Inventories of hay are down. As the result, hay prices are trending up. Demand for Class 1 milk is strongly up as schools’ pipelines continue to be filled.
The December 4a price (butter/powder) in California is $13.36, down $0.26 from the previous month, and $1.43 lower from a year ago. This compares to the Federal Order Class IV price of $13.51 for December.
The December 4b price (cheese) is $13.52, down $2.00 from the previous month, and $3.07 lower from a year ago. This compares to the Federal Order Class III price for December at $15.44.
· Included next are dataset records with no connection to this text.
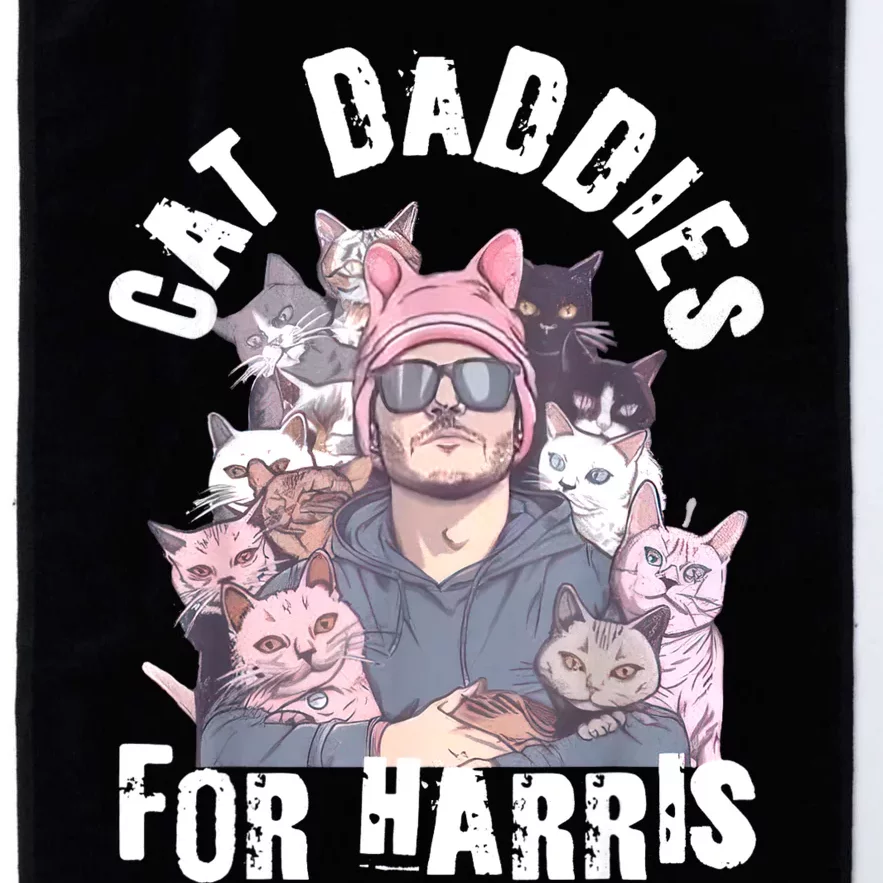 Childless Cat Lady Kamala Cat Dad Platinum Collection Golf Towel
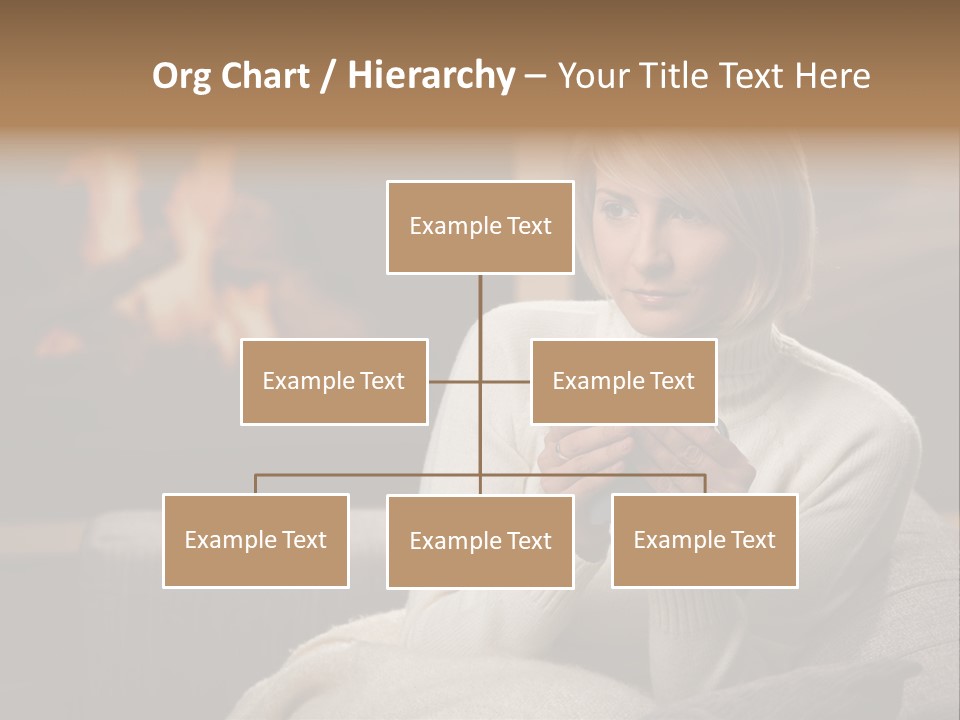 Fire Person Woman PowerPoint Template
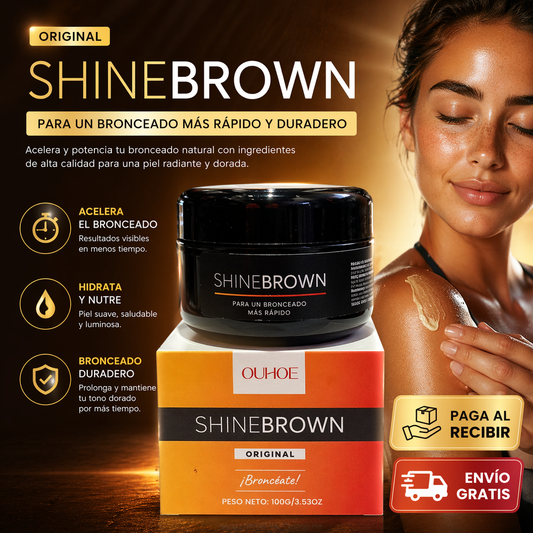 ✨ SHINEBROWN: Consigue un bronceado dorado, rápido y sin manchas desde el primero uso
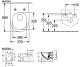 Фото Подвесной унитаз Villeroy&Boch Universo TwistFlush 4670T901 с крышкой-сиденьем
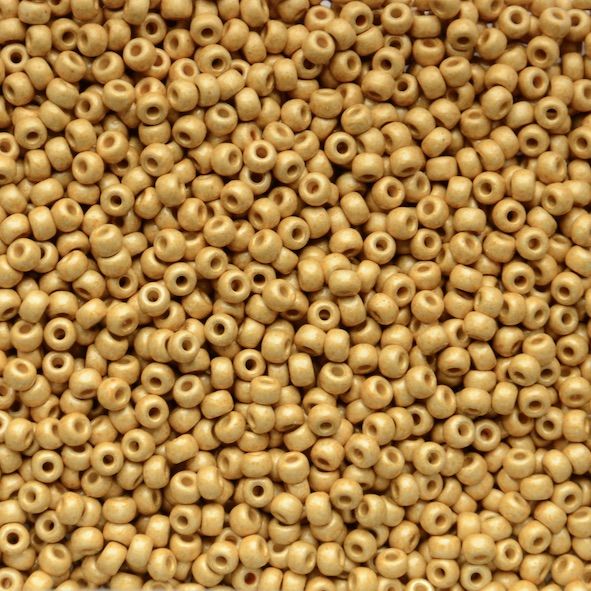 RC11-4202F Dur Mat Galvanised Gold Size 11 Seed Beads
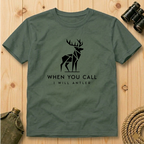 When You Call I Will Antler  T-Shirt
According to CDFA, February 2018 Class 1 prices in California are $15.47 in the North and $15.74 in the South. The statewide average Class 1 price based on production is $15.49. This price is down $0.60 from the previous month, and $2.66 lower than a year ago.
Farm milk supplies are in abundance in Arizona. Production continues to increase. Nevertheless, handlers are managing to find homes for their milk. Last week, some milk from Arizona cleared to California. Finding trucks and drivers to move the milk was an issue in Arizona in the last two weeks. Fortunately, the hauling problems are partly being resolved this week. Class I demand is up.
In New Mexico, although total milk output is flat this week, Class I sales were up due to the reopening of schools for the spring session. Class II and III requests are also up. Milk supplies are ample in New Mexico as shown by higher holdover rates.
Conversely, handlers suggest that the holdovers will rapidly decrease with the current strong milk orders.
Pacific Northwest milk production is steady. Processors say there is an occasional stray spot load of milk, but most milk is finding a home within the immediate region. Milk intakes are generally in good balance with processing needs. The bottling pipeline has refilled following the winter holiday break with a steady demand.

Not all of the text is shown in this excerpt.